:: Instructions to follow ::
Copy nothing but the lines from the line with "20kg Weighted Vest, Adjustable" to the end of the records, retyped exactly. Pictures stay out.

(Information supplied)

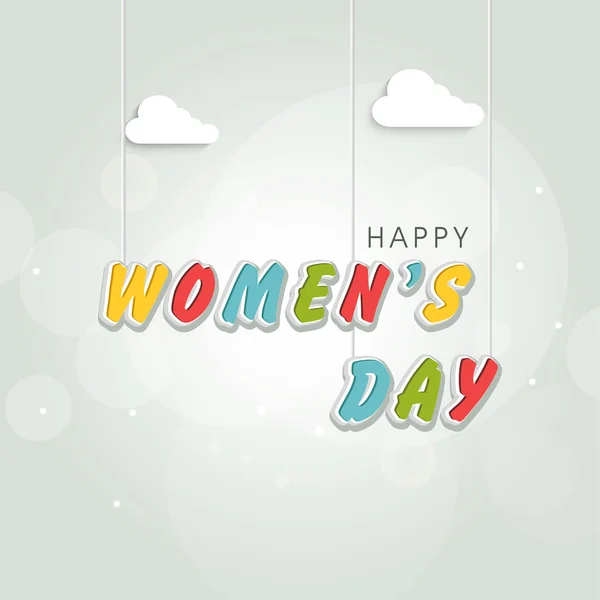 Diseño de tarjetas de felicitación para la celebración del Día de la Mujer . — Foto de Stock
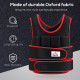 20kg Weighted Vest, Adjustable Running Weight Vest with 38 Weight Bags for Men or Women Cardio Exercise, Black and Red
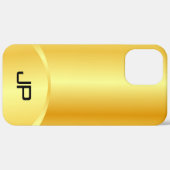 Aangepast Faux Gold Elegant Moderne Monogrammen Case-Mate iPhone Case (Achterkant (horizontaal))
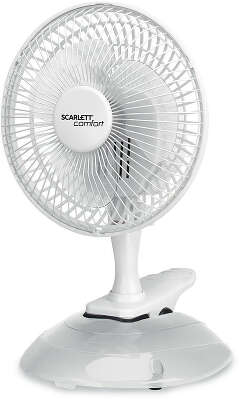 Вентилятор настольный Scarlett SC-DF111S01 25Вт скоростей:2 белый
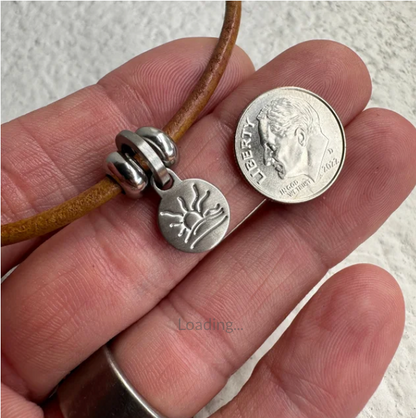 Satin Naturist Symbol Charm Bracelet, Necklace, or Anklet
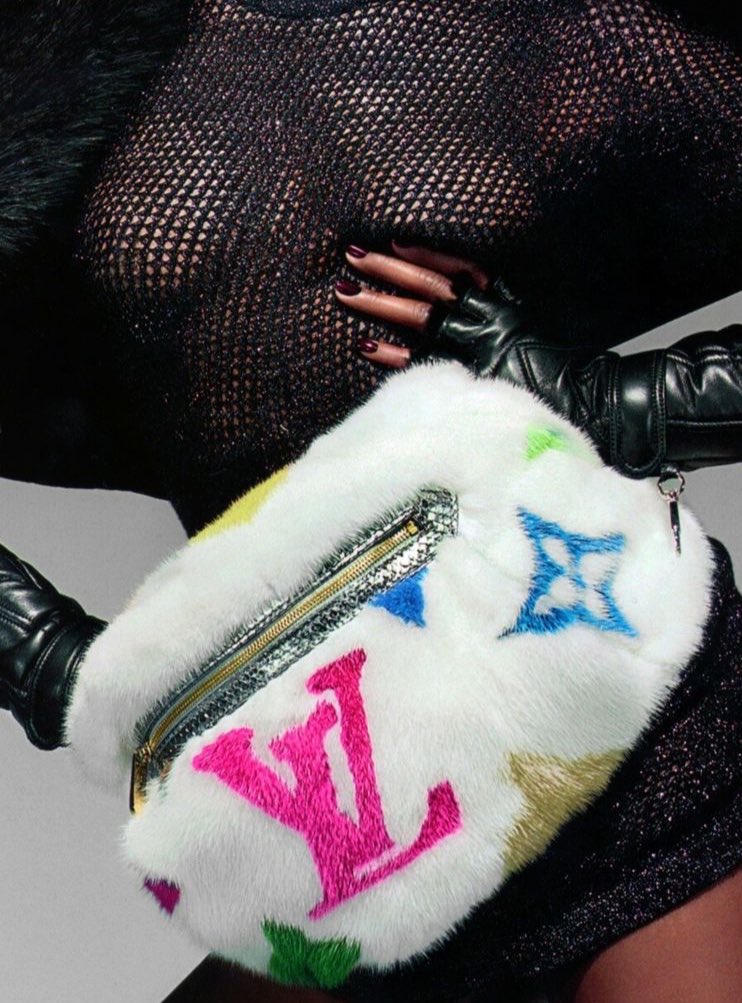 🏔 on X: @LouisVuitton @takashipom Louis Vuitton Multicolored Mink Fur  Cross-Body Bum Bag (F/W 2006)  / X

(End Information supplied)

:: Solution to this problem ::
 20kg Weighted Vest, Adjustable Running Weight Vest with 38 Weight Bags for Men or Women Cardio Exercise, Black and Red
 Aangepast Faux Gold Elegant Moderne Monogrammen Case-Mate iPhone Case (Achterkant (horizontaal))
 Вентилятор настольный Scarlett SC-DF111S01 25Вт скоростей:2 белый
 Satin Naturist Symbol Charm Bracelet, Necklace, or Anklet
 🏔 on X: @LouisVuitton @takashipom Louis Vuitton Multicolored Mink Fur  Cross-Body Bum Bag (F/W 2006)  / X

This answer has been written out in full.